"Rosacruz 7"
-Capítulo VIII-
—La guerra europea requirió los servicios de muchos médicos, y se les dieron a los galenos muchas facilidades para sus exámenes.
Posteriormente, tuvieron ocasión de aprovechar las experiencias de la campaña, y al final de la lucha hubo un número crecido de buenos cirujanos.
Parece que estas mismas facilidades para la carrera de la medicina, indujeron a muchos jóvenes a no cursar esta ciencia, por temor a no encontrar una labor remuneradora después; ya que se creía que muchos jóvenes irían a estudiar medicina.
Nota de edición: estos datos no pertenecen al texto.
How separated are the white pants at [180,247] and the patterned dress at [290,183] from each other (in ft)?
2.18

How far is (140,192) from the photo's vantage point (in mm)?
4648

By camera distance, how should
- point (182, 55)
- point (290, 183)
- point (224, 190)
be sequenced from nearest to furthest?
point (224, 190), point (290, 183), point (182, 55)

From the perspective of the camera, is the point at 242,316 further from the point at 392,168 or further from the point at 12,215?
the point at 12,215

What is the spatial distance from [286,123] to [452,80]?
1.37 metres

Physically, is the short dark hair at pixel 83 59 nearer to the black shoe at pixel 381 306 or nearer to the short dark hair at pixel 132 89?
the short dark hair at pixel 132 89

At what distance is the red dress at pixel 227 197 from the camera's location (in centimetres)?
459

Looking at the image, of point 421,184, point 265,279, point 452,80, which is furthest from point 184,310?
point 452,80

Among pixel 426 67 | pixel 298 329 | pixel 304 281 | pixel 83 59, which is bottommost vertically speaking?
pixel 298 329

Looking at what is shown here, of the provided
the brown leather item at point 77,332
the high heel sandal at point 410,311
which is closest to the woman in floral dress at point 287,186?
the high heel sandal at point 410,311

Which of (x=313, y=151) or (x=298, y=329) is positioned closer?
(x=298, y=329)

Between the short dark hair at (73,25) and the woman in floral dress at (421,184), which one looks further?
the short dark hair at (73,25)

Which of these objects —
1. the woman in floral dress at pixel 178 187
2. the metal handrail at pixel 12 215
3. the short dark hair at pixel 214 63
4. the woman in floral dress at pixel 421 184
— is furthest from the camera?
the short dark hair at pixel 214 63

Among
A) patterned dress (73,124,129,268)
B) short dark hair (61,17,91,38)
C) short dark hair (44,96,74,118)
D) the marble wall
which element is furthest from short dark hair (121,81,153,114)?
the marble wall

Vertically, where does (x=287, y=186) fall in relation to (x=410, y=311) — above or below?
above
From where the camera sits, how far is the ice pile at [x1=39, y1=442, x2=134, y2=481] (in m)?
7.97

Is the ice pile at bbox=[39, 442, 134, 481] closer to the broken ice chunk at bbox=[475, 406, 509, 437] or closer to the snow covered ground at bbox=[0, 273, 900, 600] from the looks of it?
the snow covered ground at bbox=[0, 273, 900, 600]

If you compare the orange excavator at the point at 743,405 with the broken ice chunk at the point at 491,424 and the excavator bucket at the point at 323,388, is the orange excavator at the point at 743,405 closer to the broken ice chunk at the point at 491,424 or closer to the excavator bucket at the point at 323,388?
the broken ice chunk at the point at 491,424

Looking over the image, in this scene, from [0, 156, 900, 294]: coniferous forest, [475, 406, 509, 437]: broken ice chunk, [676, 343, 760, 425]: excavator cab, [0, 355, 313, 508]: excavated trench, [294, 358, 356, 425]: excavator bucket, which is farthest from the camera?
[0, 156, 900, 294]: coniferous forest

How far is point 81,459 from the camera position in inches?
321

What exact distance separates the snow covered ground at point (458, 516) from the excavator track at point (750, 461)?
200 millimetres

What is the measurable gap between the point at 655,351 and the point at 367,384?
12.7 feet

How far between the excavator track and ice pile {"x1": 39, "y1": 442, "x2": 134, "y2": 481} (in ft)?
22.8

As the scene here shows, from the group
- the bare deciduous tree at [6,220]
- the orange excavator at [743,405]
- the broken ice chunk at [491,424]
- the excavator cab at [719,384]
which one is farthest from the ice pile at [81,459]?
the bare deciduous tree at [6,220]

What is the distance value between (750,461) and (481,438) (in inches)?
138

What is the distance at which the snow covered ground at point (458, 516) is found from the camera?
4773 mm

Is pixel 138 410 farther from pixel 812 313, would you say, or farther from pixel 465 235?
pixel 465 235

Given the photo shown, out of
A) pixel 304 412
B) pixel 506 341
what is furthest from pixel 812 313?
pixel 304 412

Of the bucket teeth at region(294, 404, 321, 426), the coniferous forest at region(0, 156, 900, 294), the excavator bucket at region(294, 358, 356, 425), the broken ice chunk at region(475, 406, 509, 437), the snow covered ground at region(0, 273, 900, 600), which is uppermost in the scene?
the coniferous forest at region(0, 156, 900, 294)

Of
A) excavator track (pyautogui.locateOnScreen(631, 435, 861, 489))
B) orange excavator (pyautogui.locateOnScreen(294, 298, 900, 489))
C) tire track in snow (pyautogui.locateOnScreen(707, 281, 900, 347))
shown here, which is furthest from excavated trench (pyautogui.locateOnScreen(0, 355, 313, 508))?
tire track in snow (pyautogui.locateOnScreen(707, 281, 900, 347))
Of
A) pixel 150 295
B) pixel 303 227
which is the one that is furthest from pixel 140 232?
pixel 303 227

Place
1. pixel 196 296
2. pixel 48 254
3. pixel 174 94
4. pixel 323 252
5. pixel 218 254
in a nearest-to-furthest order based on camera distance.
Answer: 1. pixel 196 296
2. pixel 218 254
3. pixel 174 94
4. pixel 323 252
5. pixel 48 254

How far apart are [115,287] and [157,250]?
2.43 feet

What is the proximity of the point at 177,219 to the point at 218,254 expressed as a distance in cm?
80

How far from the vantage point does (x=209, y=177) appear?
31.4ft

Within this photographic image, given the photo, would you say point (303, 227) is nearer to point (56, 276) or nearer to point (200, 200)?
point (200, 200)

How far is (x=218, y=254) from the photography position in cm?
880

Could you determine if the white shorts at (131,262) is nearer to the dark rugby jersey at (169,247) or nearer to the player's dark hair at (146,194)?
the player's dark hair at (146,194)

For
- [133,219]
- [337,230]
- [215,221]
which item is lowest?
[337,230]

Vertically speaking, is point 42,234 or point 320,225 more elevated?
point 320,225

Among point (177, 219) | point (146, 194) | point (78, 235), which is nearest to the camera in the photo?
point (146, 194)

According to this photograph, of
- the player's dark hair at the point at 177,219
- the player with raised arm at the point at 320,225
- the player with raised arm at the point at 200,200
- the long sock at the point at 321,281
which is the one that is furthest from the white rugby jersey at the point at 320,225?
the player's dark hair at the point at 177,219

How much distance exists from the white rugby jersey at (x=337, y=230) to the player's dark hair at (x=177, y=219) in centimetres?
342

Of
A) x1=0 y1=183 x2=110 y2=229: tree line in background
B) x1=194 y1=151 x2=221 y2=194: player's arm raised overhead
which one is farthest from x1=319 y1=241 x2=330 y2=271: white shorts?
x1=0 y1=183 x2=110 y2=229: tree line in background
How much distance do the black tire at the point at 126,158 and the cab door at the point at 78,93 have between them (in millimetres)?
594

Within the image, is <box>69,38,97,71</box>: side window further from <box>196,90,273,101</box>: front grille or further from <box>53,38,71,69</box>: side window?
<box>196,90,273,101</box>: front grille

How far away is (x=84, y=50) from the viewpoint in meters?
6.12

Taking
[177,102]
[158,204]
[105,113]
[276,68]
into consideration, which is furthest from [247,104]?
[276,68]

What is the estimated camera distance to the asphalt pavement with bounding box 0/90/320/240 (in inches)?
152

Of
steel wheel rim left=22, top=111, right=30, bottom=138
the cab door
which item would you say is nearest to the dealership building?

En Alemania y en España, creo que hay médicos de sobra; no así en los Estados Unidos, donde reina actualmente una gran escasez de hombres que se dediquen al arte de curar.
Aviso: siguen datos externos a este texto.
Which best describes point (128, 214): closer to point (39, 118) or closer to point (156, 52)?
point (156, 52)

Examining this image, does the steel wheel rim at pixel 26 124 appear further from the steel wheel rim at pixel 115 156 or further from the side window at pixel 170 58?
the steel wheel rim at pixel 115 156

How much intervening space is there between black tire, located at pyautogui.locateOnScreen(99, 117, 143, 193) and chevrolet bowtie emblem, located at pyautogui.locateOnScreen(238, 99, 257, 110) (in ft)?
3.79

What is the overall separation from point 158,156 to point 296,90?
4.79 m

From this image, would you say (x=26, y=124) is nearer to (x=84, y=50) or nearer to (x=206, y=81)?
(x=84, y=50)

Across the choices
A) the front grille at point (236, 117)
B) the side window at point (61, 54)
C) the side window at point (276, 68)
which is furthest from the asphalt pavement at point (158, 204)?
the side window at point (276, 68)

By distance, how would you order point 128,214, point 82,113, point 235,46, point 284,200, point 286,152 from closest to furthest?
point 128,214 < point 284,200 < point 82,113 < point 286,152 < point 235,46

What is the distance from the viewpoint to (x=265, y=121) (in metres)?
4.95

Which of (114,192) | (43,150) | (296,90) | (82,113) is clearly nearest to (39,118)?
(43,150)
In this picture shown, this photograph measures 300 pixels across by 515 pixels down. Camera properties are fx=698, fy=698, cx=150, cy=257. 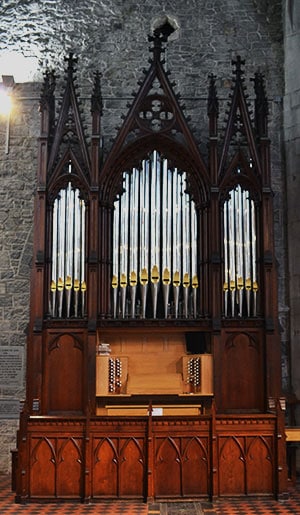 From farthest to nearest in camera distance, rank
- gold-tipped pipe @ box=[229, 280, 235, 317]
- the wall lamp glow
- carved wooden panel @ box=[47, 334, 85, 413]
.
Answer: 1. the wall lamp glow
2. gold-tipped pipe @ box=[229, 280, 235, 317]
3. carved wooden panel @ box=[47, 334, 85, 413]

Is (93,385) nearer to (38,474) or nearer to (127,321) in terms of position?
(127,321)

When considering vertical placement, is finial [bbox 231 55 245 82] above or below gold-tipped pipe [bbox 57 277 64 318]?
above

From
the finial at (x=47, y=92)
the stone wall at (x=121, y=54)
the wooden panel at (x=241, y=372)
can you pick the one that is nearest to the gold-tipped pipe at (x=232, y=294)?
the wooden panel at (x=241, y=372)

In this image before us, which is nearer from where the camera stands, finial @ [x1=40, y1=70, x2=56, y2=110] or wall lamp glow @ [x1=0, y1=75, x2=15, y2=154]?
finial @ [x1=40, y1=70, x2=56, y2=110]

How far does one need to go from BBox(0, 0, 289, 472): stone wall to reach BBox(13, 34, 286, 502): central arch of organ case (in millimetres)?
1019

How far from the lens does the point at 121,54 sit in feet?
41.4

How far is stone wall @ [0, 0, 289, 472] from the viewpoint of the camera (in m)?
12.2

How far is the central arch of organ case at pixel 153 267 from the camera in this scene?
1064cm

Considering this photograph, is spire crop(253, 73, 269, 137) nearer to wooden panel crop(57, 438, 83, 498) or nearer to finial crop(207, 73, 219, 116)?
finial crop(207, 73, 219, 116)

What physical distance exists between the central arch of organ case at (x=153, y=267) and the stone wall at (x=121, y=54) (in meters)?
1.02

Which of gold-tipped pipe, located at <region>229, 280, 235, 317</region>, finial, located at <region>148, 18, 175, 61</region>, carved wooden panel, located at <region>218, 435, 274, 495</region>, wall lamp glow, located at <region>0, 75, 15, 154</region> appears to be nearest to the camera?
carved wooden panel, located at <region>218, 435, 274, 495</region>

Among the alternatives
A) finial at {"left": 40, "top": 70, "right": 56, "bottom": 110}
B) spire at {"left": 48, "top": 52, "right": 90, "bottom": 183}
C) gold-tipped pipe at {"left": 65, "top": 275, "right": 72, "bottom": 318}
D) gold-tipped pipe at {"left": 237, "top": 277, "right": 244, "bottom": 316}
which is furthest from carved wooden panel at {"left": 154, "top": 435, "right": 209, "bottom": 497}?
finial at {"left": 40, "top": 70, "right": 56, "bottom": 110}

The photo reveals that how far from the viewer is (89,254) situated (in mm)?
10695

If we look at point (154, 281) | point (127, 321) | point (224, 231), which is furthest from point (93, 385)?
point (224, 231) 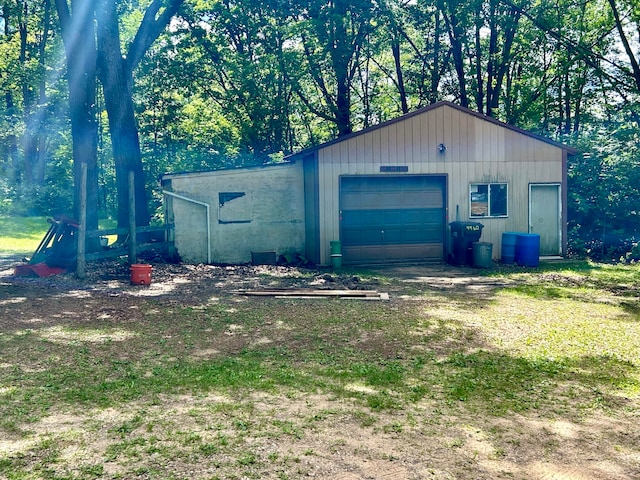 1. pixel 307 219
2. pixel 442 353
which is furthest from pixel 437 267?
pixel 442 353

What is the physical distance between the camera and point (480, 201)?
1472 cm

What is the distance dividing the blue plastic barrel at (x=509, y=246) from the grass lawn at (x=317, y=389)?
545 centimetres

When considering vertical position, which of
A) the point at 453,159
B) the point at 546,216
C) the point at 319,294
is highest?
the point at 453,159

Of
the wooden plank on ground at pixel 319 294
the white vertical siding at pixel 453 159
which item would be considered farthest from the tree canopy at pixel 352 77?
the wooden plank on ground at pixel 319 294

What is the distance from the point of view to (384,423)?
408cm

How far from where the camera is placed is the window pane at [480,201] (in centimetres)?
1468

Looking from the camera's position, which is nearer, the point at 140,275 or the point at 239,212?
the point at 140,275

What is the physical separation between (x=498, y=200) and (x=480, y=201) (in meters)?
0.46

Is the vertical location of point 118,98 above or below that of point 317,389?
above

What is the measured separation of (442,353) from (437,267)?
7919 mm

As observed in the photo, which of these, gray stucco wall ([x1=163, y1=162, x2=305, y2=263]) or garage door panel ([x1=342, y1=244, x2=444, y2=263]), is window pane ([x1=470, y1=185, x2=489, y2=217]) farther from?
gray stucco wall ([x1=163, y1=162, x2=305, y2=263])

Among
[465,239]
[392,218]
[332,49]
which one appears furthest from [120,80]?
[332,49]

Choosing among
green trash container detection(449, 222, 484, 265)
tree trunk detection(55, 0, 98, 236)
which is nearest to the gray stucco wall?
tree trunk detection(55, 0, 98, 236)

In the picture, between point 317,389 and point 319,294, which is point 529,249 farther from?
point 317,389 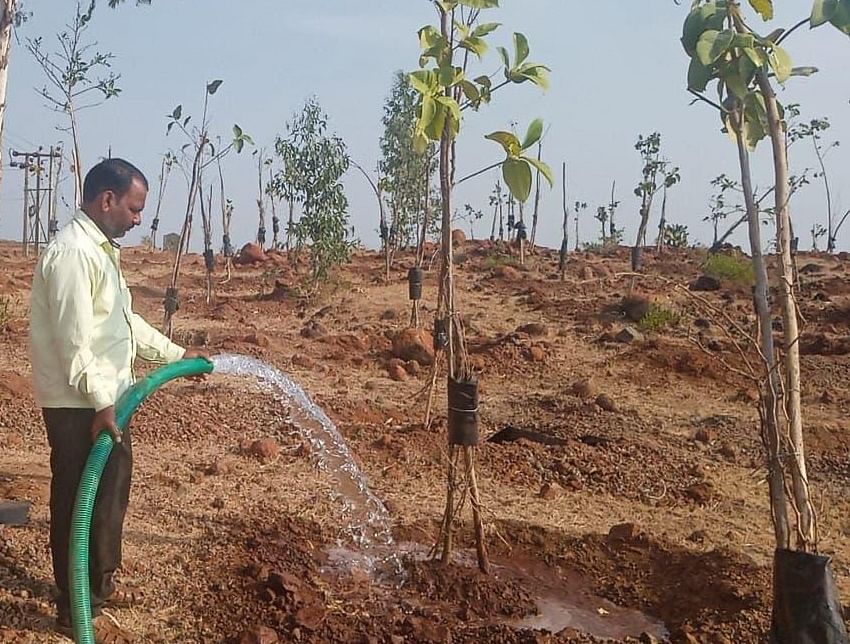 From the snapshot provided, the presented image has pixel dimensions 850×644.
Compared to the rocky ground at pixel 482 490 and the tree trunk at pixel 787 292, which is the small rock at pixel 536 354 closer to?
the rocky ground at pixel 482 490

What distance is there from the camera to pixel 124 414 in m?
2.87

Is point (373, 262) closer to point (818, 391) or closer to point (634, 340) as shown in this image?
point (634, 340)

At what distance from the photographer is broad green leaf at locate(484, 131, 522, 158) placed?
309 cm

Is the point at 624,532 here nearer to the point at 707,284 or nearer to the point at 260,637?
the point at 260,637

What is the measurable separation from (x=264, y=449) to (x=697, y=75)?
3.59 meters

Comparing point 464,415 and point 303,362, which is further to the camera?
point 303,362

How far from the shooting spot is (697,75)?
2900 mm

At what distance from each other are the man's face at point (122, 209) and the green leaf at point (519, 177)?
4.13 feet

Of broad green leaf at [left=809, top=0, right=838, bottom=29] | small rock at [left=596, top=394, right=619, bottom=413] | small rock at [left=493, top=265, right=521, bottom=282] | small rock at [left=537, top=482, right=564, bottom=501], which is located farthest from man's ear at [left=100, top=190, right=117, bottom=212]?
small rock at [left=493, top=265, right=521, bottom=282]

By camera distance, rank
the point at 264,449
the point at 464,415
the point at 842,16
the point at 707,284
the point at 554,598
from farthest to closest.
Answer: the point at 707,284, the point at 264,449, the point at 554,598, the point at 464,415, the point at 842,16

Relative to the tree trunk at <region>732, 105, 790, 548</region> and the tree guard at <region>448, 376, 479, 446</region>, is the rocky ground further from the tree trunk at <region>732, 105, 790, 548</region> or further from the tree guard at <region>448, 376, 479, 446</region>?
the tree guard at <region>448, 376, 479, 446</region>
Las facultades de Medicina de la República del Norte, eran antes más numerosas, pues hace veinte años se contaba con 159 colegios, habiendo cerrado sus puertas 77 de ellos, en los últimos años. La estadística da cuenta de que en los Estados del Sur y del Oeste, los médicos en general son de edad avanzada y que al morir no tienen quien los remplace.
AEn Filadelfia hay por cada seiscientos habitantes un médico, en Pitsburgo uno por quinientos, pero en el Estado de Pensilvania a razón de uno por mil.
La falta de médicos en el Estado de Nueva Hampshire es una verdadera calamidad, pues ese Estado cuenta con 236 ciudades, de las cuales 110 están sin médico alguno. No debemos de olvidar que en los Estados Unidos hay una libertad sin límite para el ejercicio de la medicina; no es necesario allá que tengan título, si es que no se dedican a la alopatía.
Los homeópatas no necesitan examinarse siquiera; basta comprarse un botiquín, y adelante. Hay miles y miles de “healers”, una especie de curanderos, que curan con oraciones religiosas. Son ellos miembros de la iglesia de la ciencia cristiana, tan popular en la República del Norte.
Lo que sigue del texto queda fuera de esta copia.